Mathematical Implementation:
The output of a Packed-Ensemble layer is calculated by averaging the predictions from each subnetwork, as shown in the following equation:
$$ \hat{y} = M^{-1} \sum_{m=0}^{M-1} P(y|\theta_a^m, x) \quad \text{with} \quad \theta_a^m = ({\omega_j^{\alpha} \circ \text{mask}_{m}^j})_j $$
where:
- $\hat{y}$ represents the ensemble’s predicted label
- $P(y|θ_a^m, x)$ denotes the probability of class $y$ given the input $x$ and the parameters $θ_a^m$ of the $m-th$ subnetwork
- $\theta_a^m = ({\omega_j^{\alpha} \circ \text{mask}_{m}^j})_j$ represents the parameters of the $m-th$ subnetwork, obtained by applying element-wise multiplication ($∘$) between the expanded weights ($\omega_j^{\alpha}$) and the group mask ($\text{mask}_{m}$) for each layer $j$
Implementation
Equivalent architectures for Packed-Ensembles
The authors proposed a method for designing efficient ensemble convolutional layers using grouped convolutions. This approach exploits the parallelization capabilities of GPUs to accelerate training and inference. The sequential training architecture is replaced with parallel implementations, as shown in the part b and c of the figure above. This figure summarizes equivalent architectures for a simple ensemble of M=3 neural networks with three convolutional layers and a final dense layer. In these implementations, feature maps are stacked on the channel dimension (denoted as rearrange operation). This results in a feature map of size M × Cj × Hj × Wj, regrouped by batches of size B × M, where B is the batch size of the ensemble. To maintain the original batch size, the batch is repeated M times after rearrangement. Grouped convolutions with M groups and γ subgroups per subnetwork are employed. Each feature map is processed independently by each subnetwork, resulting in separate outputs. Grouped convolutions are used throughout to ensure gradients remain independent between subnetworks. Other operations, like Batch Normalization, can be applied if they are groupable or act independently on each channel. The figure below illustrates the masks used to encode Packed Ensembles for M=2 and M=2 with γ=2. Finally, implementations (b) and (c) of the figure above are equivalent. A standard convolution can replace the initial steps (rearrangement and first grouped convolution) if all subnetworks receive the same images simultaneously.
Diagram representation of a subnetwork mask: maskj, with M = 2, j an integer corresponding to a fully connected layer
Experiments
The experiment section evaluates the Packed-Ensembles (PE) method on classification tasks. Here are the key points:
- Datasets: CIFAR-10, CIFAR-100, and ImageNet are used for various complexity levels.
- Architectures: PE is compared on ResNet-18, ResNet-50, Wide ResNet-28-10 against Deep Ensembles, BatchEnsemble, MIMO, and Masksembles.

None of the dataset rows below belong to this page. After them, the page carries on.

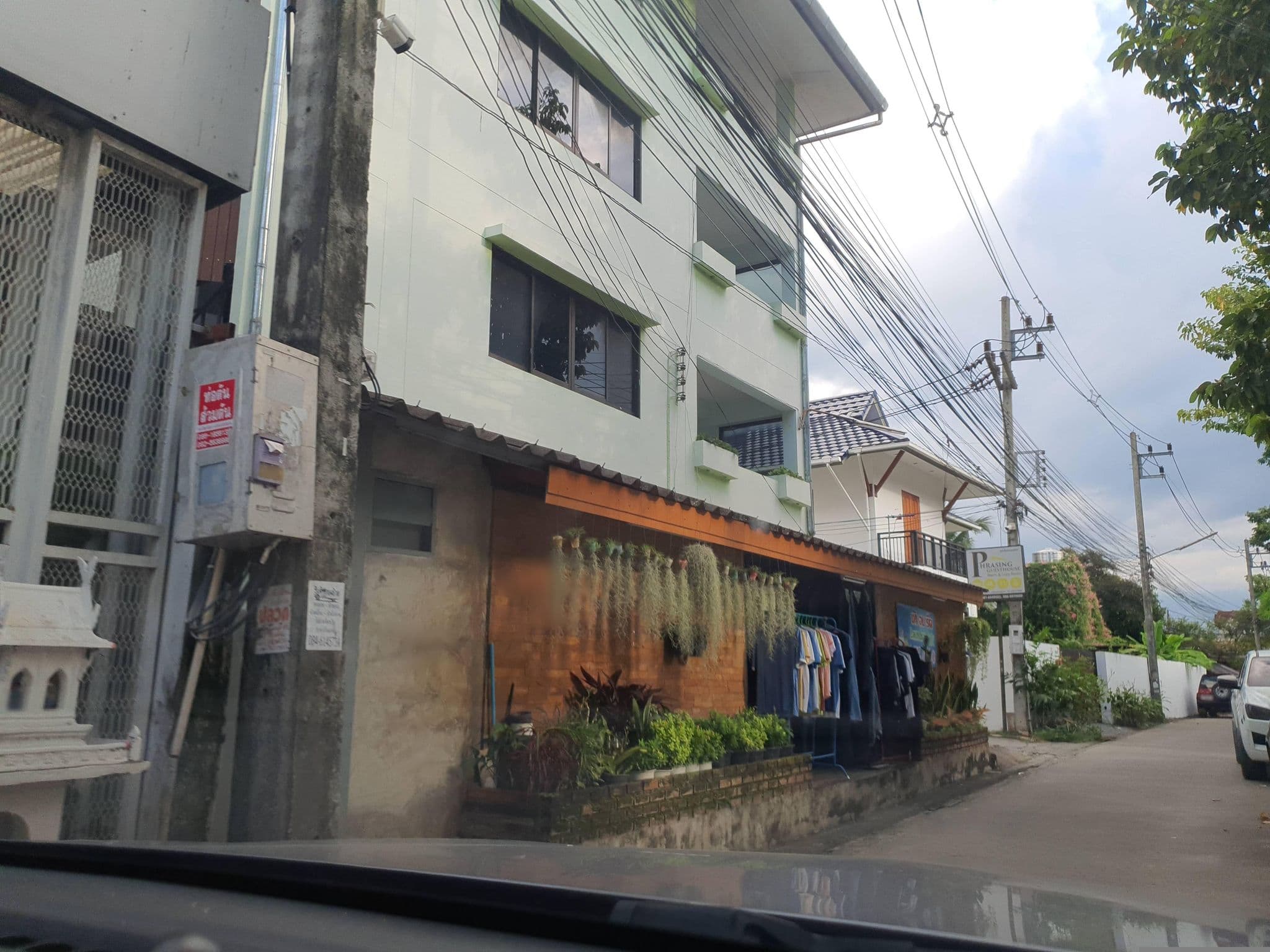 Street view near Prasing Guesthouse, Chiang Mai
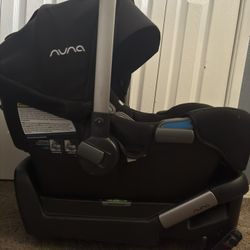 Nuna Pipa Infant Car seat With Base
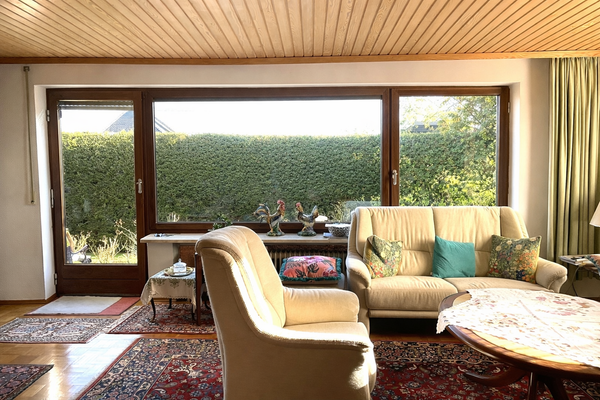 11 Wohnzimmer EG.png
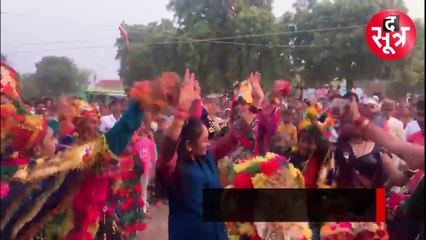 दमोह में विधायक रामबाई ने मेले में मोनियों के साथ जमकर किया डांस, देखें वीडियो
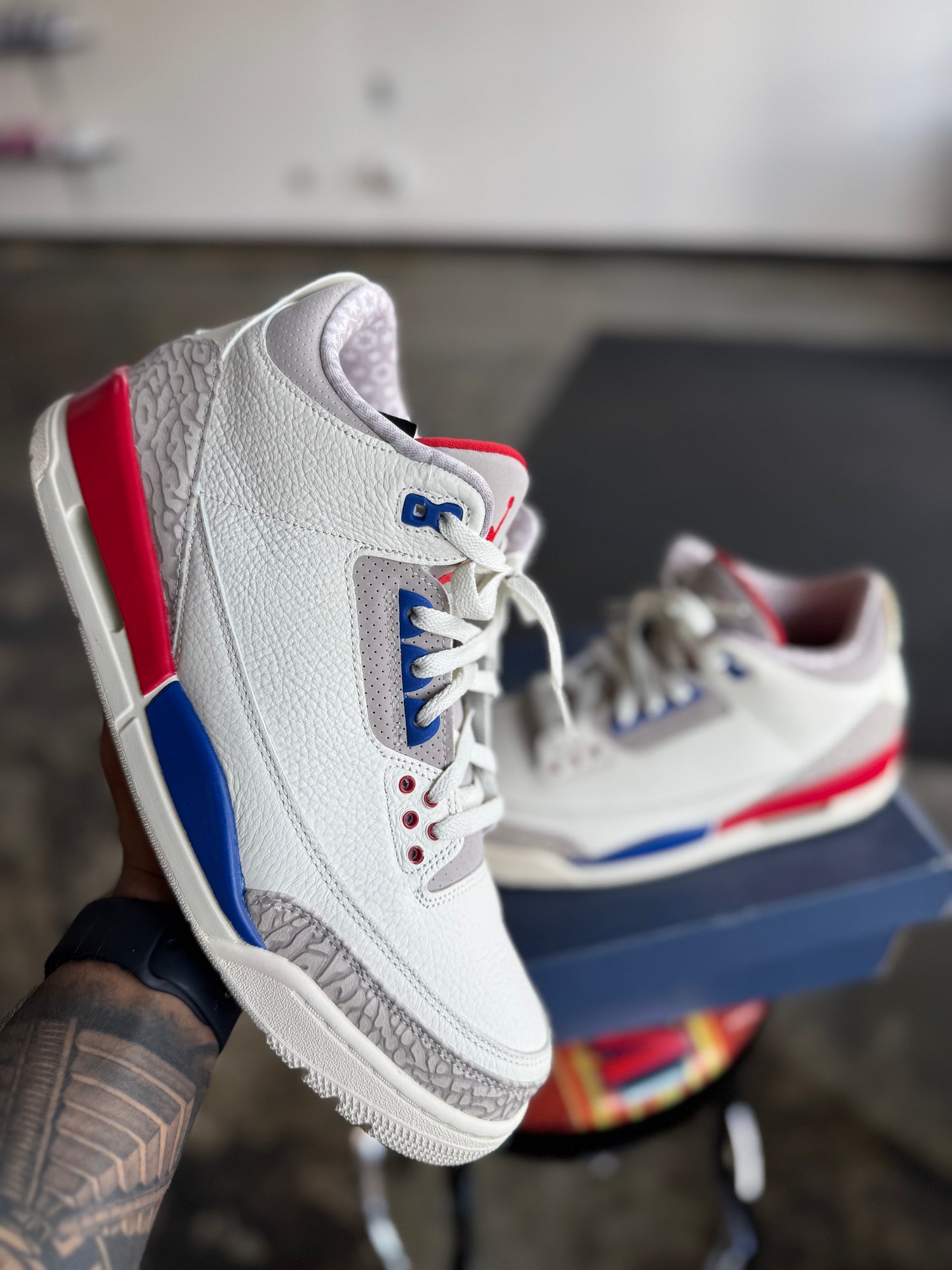AIR JORDAN 3 RETRO “INTERNATIONAL FLIGHT”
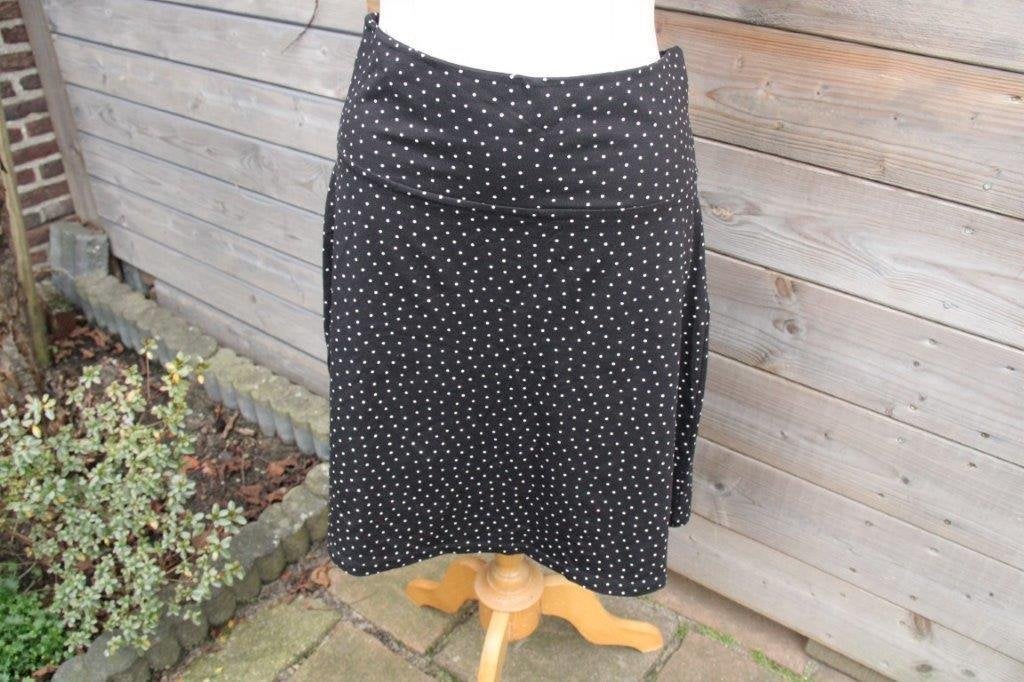 Rok zwart/ creme King Louie mt M Vaste prijs, Kleding | Dames, Rokken, Maat 38/40 (M), Zwart, Ophalen of Verzenden, Zo goed als nieuw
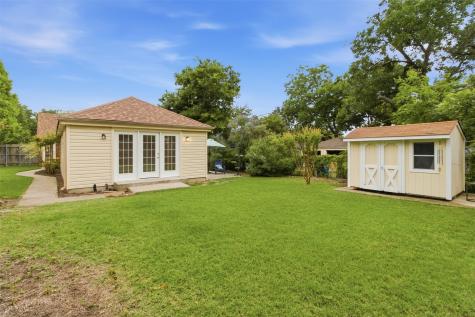 6141 Fairway Avenue Dallas TX 75227
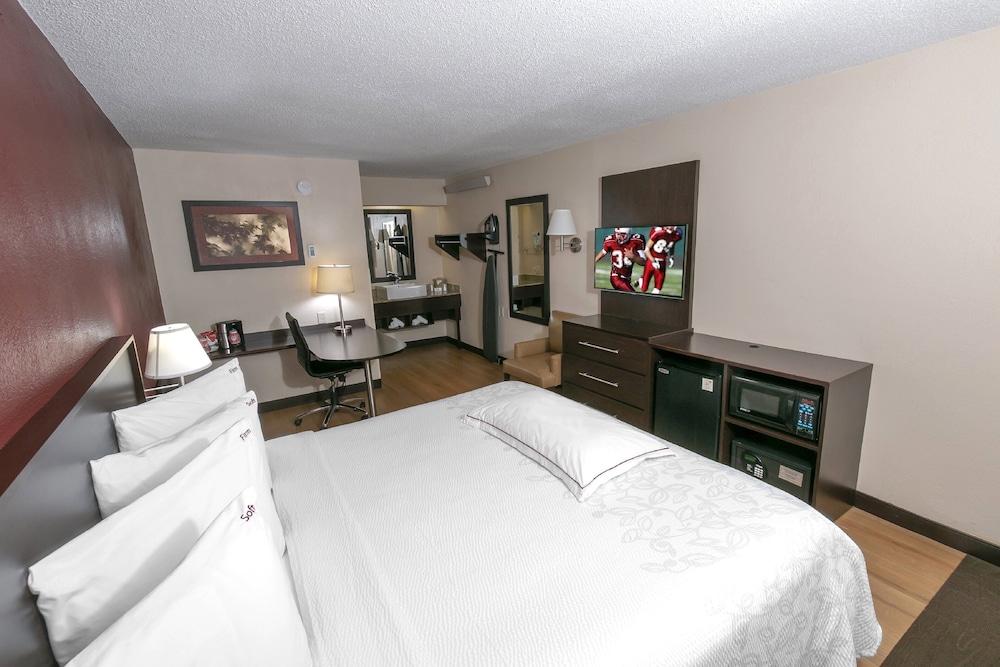 Red Roof Inn PLUS Pittsburgh East Monroeville - photo 14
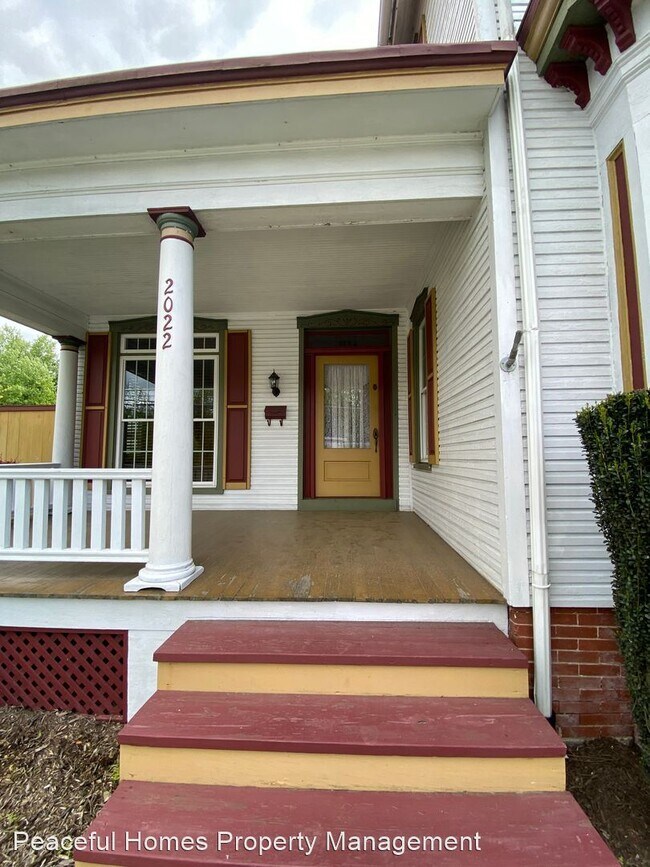 Building Photo - 4 br, 2 bath House - 2022 Main St.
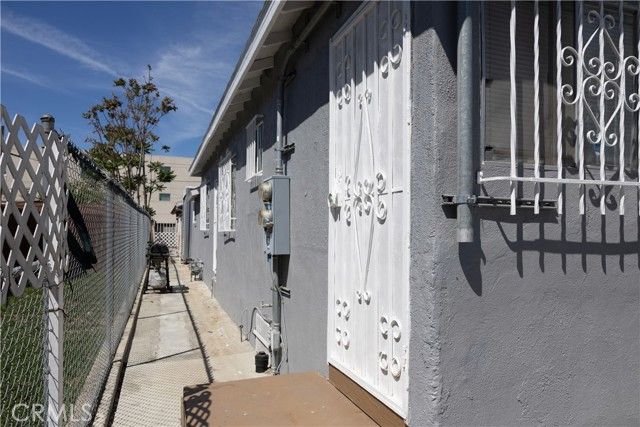 10703 Anzac, Los Angeles, CA 90059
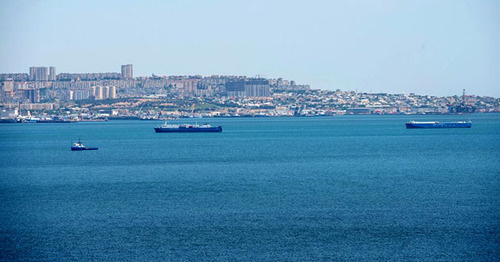 Корабли в акватории Бакинской бухты в Каспийском море. Фото: Sputnik/Murad Orujov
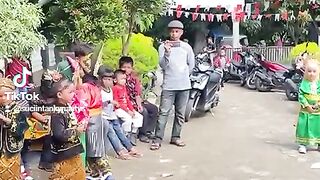 HUT Ri 2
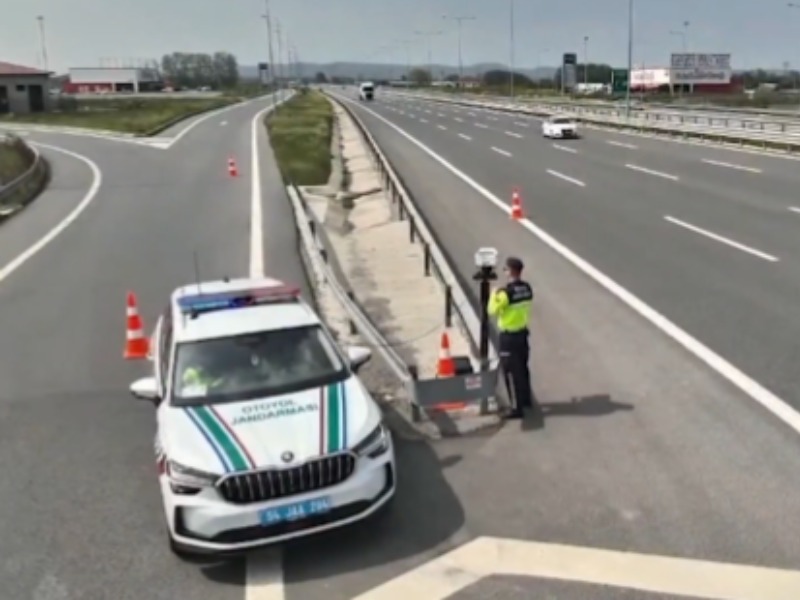 Hız ihlalinde bulunan 162 bin 64 sürücüye işlem yapıldı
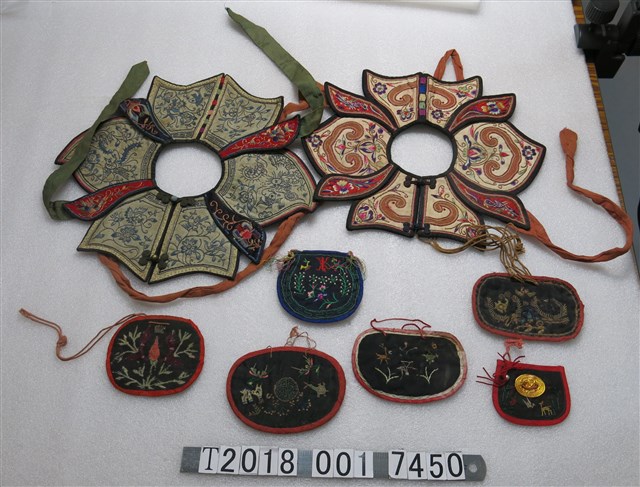 兒童花紋刺繡肩飾 (共1張)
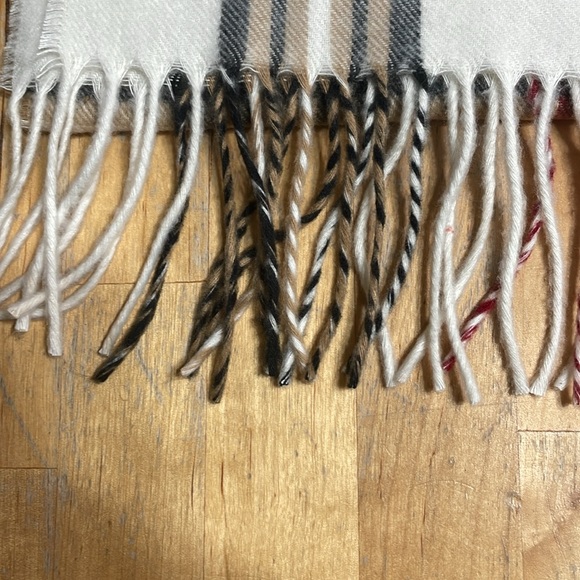 FRAAS cashmink plaid scarf - Picture 4 of 4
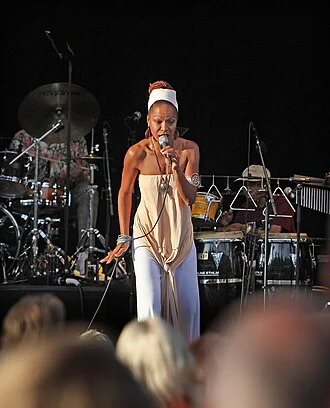 Lisa Simone height profile photo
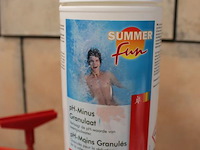 Waterbehandelingsproducten summerfun w.o. ph minus, ph plus. totaal ruim 175 bussen in zes tassen en twee s... - afbeelding 2 van  3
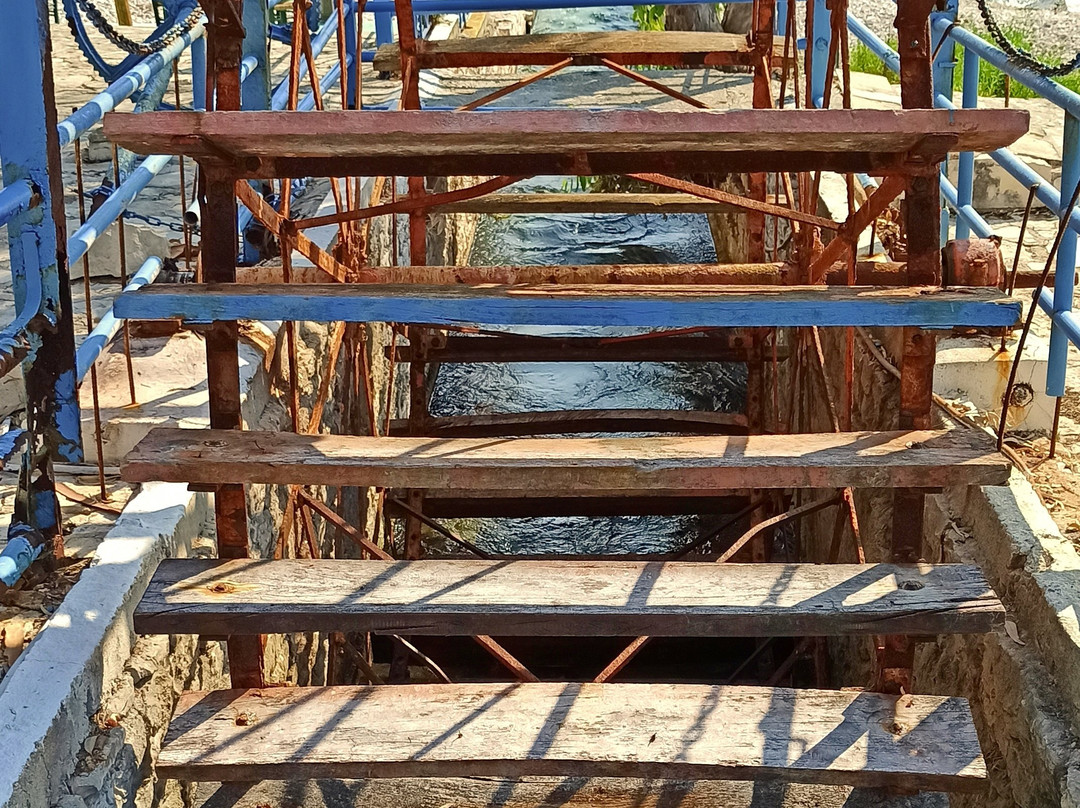 Karavomilos Lake-Karavomylos必去景点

- Metrics: Accuracy (%), Negative Log-Likelihood (NLL), Expected Calibration Error (ECE) for calibration, and Areas Under Precision-Recall (AUPR) and ROC (AUC) curves for Out-of-Distribution (OOD) detection are used.
- Implementation Details: Softmax probabilities from all subnetworks are averaged for prediction. Maximum value of the output vector is considered the class. SVHN dataset is used for OOD detection on CIFAR-10/100. Mutual Information (MI) is used as a criterion for ensemble techniques on ImageNet-O and Texture datasets. ImageNet-R is used to evaluate robustness under distribution shift.
- Code: PyTorch-Lightning framework is used for implementation.
Results
The experiment results show that Packed-Ensembles (PE) achieves similar performance to Deep Ensembles (DE) on classification tasks, but with lower memory usage. Here are the key findings:
- CIFAR-10/100:
- PE performs similarly or slightly better than DE on OOD detection and classification (especially with larger architectures like ResNet-50 and Wide ResNet).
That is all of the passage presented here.